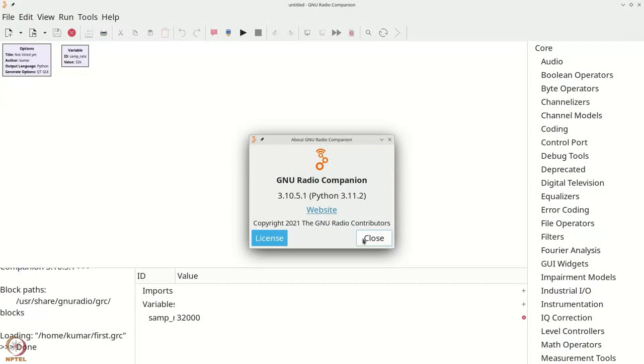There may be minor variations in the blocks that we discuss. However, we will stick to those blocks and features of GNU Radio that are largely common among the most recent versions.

---

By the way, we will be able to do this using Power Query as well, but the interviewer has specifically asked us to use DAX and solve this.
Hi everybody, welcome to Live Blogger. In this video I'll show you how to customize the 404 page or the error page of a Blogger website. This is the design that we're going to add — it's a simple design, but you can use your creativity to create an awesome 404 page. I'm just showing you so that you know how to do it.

• What you have to do
In the entries above, please find the line with "By the way, we" and the line with "Hi everybody, welcome", then write out exactly those two lines and every line between them, and nothing more.

• Written reply
By the way, we will be able to do this using Power Query as well, but the interviewer has specifically asked us to use DAX and solve this.
Hi everybody, welcome to Live Blogger. In this video I'll show you how to customize the 404 page or the error page of a Blogger website. This is the design that we're going to add — it's a simple design, but you can use your creativity to create an awesome 404 page. I'm just showing you so that you know how to do it.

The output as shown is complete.